Evelyn is SUCH a Slytherin. I guess the clues were there from the beginning when green became her go-to colour, but Evelyn is probably one of the most ambitious and cunning protagonists I’ve ever followed and I adore her. Celia, on the other hand, is loyal to a fault; her own loyalty and her belief in the need for other people’s loyalty often brings her as much heartbreak as it does joy. These two can bring out the best in each other, though – whether it’s Evelyn giving Celia tips on how to get the most out of what the world is willing to offer you or Celia being there for Evelyn at times when almost no one else is – and I love them.
Anne and Captain Wentworth from Persuasion by Jane Austen
I am half agony, half hope.
In all honesty, these two could easily both be Hufflepuffs. They’re both loyal to each other, even when neither of them realises it, and neither of them are averse to hard work, and yet I’d definitely mark Wentworth down as a Slytherin. When Anne rejects his marriage proposal, not for want of loving him, his response is to go to sea, be involved in numerous battles and return to England as a decorated war hero just so he can rub his newfound success in the faces of Anne and everyone who persuaded her to reject him. If that doesn’t make him a Slytherin, I don’t know what will.
Anne, on the other hand, never sways in her love for Wentworth. While she might have rejected his marriage proposal (and considering the time she lives in, it’s understandable why she does!) it doesn’t mean she loves him any less, and she even turns down later, perfectly good marriage proposals because the men who ask her aren’t Wentworth.
I love these two; they’re the ultimate second chance romance, from what I think is Austen’s most accomplished novel. Funny, really, considering I loathed it when I first read it! If you’re looking for an adaptation of this one, I highly recommend the 1995 adaptation starring Amanda Root and Ciaran Hinds.
Achilles and Patroclus from The Song of Achilles by Madeline Miller
“They never let you be famous AND happy.” He lifted an eyebrow. “I’ll tell you a secret.”
“Tell me.” I loved it when he was like this.
“I’m going to be the first.” He took my palm and held it to his. “Swear it.”
“Because you’re the reason.”
Please excuse me while I go and sob in a corner. Achilles might seem like more of a Gryffindor at first glance, but he’s definitely a Slytherin in my book. He’s ambitious as hell – he wants to be remembered as a hero, and he’s prepared to die young to achieve that goal which is big commitment energy – and he’s also pretty darn cunning when he needs to be. He’s always finding ways past his eagle-eyed mother to be with Patroclus and it’s only really Patroclus, my sweet Hufflepuff child, who has any power over him whatsoever.

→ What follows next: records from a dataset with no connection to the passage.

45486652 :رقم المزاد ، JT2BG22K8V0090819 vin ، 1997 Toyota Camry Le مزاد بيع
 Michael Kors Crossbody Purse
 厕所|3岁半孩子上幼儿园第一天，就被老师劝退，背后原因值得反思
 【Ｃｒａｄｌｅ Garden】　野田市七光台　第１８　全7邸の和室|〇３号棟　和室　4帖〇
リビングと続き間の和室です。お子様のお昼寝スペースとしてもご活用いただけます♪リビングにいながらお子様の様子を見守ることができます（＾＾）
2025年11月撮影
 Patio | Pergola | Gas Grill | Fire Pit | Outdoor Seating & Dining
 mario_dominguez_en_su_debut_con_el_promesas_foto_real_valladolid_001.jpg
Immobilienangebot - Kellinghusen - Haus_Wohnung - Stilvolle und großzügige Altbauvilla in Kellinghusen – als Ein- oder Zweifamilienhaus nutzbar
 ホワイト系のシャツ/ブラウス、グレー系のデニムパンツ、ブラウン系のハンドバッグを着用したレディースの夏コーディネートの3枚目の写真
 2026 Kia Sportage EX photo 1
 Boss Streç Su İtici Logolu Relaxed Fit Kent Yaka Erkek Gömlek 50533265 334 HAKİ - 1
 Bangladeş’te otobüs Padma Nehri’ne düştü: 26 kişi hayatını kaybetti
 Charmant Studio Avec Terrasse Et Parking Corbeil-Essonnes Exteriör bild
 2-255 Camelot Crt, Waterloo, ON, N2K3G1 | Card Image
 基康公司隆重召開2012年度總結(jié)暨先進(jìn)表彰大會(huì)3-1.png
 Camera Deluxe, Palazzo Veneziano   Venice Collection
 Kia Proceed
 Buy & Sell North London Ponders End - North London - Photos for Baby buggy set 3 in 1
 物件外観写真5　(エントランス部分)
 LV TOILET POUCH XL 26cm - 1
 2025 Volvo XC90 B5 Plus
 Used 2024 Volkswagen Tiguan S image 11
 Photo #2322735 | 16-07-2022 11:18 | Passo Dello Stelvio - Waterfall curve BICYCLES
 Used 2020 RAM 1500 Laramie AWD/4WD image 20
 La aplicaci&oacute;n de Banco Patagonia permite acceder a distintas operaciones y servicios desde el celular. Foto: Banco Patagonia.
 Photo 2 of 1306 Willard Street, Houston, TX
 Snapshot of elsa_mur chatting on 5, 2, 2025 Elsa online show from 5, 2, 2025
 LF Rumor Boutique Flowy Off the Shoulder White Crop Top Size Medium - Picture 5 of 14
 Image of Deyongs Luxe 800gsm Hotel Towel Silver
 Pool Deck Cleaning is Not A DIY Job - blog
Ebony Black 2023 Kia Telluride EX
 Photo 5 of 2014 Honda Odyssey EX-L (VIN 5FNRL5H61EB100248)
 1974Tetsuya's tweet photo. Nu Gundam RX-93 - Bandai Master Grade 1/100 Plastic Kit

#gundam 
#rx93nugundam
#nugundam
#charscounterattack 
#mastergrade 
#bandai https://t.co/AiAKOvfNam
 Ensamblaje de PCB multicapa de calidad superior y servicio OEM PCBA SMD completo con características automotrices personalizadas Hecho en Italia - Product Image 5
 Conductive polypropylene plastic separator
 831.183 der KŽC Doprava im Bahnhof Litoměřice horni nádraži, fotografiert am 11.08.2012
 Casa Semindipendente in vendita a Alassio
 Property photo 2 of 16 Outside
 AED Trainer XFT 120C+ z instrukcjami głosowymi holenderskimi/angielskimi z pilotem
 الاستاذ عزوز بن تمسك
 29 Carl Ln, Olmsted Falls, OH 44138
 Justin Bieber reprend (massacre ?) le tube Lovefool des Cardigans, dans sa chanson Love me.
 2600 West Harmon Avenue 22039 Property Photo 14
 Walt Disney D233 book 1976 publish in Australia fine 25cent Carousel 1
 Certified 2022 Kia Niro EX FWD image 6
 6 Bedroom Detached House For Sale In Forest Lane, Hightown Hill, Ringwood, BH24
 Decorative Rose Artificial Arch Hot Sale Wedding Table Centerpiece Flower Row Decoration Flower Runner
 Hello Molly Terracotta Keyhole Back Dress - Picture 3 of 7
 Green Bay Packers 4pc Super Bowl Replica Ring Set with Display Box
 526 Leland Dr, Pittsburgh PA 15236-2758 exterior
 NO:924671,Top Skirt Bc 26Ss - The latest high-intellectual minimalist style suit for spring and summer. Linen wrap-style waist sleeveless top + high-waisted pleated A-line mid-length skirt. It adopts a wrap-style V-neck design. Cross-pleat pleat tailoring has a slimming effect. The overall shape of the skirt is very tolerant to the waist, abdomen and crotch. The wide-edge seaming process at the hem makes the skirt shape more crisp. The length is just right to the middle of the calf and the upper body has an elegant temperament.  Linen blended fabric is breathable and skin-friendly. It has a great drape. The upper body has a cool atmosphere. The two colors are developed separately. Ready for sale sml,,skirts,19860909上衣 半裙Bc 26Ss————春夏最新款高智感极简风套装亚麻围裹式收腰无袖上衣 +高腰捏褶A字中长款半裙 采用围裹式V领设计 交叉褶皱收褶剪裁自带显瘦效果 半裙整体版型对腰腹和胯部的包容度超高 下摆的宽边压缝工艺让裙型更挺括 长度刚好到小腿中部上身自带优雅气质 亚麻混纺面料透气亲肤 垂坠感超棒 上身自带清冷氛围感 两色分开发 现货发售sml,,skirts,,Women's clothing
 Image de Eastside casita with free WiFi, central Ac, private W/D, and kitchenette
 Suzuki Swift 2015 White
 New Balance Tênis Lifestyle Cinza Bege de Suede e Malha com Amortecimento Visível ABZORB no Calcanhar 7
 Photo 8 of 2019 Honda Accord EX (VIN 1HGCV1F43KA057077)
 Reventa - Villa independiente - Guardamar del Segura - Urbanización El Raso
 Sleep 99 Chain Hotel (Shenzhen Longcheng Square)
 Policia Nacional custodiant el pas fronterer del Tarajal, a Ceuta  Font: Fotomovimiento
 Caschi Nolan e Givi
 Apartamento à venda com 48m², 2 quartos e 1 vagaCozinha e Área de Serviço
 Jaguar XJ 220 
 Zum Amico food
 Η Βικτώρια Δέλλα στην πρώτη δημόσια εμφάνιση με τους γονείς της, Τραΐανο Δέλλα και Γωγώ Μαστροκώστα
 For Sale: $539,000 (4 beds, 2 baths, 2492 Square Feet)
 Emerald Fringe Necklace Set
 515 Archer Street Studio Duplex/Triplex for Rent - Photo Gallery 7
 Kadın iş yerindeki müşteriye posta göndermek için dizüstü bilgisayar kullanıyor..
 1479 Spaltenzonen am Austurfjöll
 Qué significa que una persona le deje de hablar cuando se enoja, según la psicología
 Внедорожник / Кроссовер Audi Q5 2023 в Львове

Achilles claims Briseis because Patroclus asks him to, so she won’t be forced into sex slavery, and he even refuses to kill the person who will make him famous when Patroclus asks him to because, “What has Hector ever done to me?” (And no, I’m still not over that quote.) These two are everything good about the Slytherin x Hufflepuff duo. Achilles is fiercely protective of Patroclus and Patroclus is fiercely loyal to Achilles, and just thinking about this novel makes me want to cry.